Wide-spread cheating on tests among the Navy’s nuclear officers was the latest in a long line of ethics scandals that have included a military sex abuse prevention officer running his own on-base prostitution ring, and an Air Force General sacked in December for “drunken antics” in Moscow.
The Pentagon is finally coming to terms with the fact that it’s got a mounting problem of unethical behavior, but beyond massive reports forwarded to the top brass and subsequently ignored, they seem completely lost on what to do about it.
“I don’t think there is one simple answer,” insisted Defense Secretary Chuck Hagel, who went on to say that the Pentagon was willing to “hold people accountable if necessary” but only once it had a handle on the entire situation.
There doesn’t seem to be much chance of that happening, as Hagel is planning to appoint a single “ethical adviser” for the entire Pentagon and is waiting for a committee he appointed to give him some sort of “action plan.”

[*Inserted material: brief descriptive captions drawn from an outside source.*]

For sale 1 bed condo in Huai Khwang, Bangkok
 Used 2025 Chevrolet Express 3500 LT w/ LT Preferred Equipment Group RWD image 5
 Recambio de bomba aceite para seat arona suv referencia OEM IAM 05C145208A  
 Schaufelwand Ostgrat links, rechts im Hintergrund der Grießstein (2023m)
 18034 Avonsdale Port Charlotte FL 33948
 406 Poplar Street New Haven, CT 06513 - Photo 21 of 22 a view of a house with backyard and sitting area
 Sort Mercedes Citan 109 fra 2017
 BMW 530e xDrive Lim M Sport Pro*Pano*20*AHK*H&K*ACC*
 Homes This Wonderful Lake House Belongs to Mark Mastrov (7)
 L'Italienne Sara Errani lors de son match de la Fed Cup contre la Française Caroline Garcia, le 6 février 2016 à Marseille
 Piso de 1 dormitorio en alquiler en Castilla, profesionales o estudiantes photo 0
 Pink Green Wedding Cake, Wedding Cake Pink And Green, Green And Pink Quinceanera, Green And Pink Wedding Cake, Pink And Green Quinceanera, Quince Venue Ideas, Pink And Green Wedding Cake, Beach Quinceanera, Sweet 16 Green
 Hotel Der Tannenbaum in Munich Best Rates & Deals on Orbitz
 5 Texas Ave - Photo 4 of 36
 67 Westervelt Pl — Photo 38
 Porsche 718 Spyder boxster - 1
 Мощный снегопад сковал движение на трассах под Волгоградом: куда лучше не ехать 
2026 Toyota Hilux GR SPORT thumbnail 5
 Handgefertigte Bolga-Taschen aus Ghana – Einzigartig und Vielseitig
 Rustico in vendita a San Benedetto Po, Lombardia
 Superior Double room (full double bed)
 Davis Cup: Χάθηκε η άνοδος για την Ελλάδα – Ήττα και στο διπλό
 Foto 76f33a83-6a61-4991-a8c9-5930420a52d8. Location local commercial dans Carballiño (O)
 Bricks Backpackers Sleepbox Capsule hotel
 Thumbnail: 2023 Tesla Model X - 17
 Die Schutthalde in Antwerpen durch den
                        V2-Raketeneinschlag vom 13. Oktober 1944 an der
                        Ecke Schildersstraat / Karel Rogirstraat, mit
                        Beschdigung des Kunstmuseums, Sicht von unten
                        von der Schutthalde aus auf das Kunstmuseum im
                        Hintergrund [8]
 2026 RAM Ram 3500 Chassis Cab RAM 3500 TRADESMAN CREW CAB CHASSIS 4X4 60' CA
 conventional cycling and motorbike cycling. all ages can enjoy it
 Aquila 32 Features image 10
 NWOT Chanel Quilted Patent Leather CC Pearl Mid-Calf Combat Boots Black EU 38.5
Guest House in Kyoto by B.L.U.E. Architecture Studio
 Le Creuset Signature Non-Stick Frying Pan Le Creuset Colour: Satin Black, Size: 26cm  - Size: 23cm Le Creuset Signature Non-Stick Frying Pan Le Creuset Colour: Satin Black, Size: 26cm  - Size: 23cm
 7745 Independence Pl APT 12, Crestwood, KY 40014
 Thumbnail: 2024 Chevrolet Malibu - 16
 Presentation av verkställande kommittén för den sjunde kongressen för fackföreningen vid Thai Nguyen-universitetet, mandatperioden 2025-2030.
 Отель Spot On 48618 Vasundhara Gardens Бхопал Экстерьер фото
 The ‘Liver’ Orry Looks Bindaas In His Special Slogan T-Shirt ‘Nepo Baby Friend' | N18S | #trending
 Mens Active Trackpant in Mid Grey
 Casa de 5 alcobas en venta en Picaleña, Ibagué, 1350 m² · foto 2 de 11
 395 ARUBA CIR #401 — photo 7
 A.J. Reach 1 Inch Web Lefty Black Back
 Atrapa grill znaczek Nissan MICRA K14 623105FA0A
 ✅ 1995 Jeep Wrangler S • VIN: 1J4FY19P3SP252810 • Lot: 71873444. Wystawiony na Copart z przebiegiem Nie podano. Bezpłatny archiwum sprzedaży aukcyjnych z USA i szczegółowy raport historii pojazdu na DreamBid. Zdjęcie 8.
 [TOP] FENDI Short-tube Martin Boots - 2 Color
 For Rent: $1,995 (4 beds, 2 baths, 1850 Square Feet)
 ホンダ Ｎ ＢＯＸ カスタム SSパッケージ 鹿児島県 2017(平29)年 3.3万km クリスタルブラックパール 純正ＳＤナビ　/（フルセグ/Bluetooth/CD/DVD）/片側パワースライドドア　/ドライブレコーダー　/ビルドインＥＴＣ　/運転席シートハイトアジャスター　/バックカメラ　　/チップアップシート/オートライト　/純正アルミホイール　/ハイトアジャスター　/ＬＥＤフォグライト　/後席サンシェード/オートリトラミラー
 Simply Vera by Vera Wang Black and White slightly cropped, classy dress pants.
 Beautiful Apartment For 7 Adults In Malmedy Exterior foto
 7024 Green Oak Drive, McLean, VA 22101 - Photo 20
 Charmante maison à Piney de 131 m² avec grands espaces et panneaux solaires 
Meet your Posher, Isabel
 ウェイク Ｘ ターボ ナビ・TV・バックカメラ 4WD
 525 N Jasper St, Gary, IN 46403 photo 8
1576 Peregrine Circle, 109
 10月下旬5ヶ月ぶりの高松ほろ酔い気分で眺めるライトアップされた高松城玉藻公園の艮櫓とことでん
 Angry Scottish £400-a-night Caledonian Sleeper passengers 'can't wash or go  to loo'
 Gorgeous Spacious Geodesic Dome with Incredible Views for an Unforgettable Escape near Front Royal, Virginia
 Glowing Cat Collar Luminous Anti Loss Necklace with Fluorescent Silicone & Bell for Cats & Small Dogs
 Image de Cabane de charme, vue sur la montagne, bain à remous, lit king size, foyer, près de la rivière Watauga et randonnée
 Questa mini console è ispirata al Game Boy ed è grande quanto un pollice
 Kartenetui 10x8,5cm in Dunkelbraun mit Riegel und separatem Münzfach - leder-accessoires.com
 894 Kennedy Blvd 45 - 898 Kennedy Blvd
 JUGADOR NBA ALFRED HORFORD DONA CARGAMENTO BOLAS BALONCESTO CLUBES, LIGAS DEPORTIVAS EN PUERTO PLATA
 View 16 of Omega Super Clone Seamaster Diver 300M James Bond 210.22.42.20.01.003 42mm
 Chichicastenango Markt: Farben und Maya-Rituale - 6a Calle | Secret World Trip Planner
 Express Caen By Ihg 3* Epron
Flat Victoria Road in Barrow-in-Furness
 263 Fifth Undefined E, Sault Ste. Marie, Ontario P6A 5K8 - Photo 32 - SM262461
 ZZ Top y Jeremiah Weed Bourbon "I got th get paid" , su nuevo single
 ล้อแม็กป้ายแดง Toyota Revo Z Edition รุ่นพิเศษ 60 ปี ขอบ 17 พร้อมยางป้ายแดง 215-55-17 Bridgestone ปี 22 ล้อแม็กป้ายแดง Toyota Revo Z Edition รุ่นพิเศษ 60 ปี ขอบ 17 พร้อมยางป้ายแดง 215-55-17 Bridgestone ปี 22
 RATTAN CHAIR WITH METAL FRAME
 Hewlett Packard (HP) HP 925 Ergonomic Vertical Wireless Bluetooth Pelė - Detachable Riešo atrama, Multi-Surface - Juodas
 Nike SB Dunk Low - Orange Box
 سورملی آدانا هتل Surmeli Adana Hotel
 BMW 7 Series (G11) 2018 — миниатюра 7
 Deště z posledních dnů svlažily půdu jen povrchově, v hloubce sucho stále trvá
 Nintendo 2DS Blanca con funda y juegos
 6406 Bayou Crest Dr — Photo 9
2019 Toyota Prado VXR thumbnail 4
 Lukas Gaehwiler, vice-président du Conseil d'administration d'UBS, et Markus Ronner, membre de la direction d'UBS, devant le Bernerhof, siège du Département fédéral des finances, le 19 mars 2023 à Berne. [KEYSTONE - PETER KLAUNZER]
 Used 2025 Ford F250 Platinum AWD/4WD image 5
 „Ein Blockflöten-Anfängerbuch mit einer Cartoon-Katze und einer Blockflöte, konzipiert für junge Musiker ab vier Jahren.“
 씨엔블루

The chances aren’t promising of either of those yielding much, as a 2008 blue-ribbon panel investigation made recommendations, but they were all classified and if they were even attempted, they clearly didn’t help. The Navy tried their own investigation in 2011 after another test cheating scandal, but let the matter drop almost immediately, sacking the captain but again not solving the underlying problem.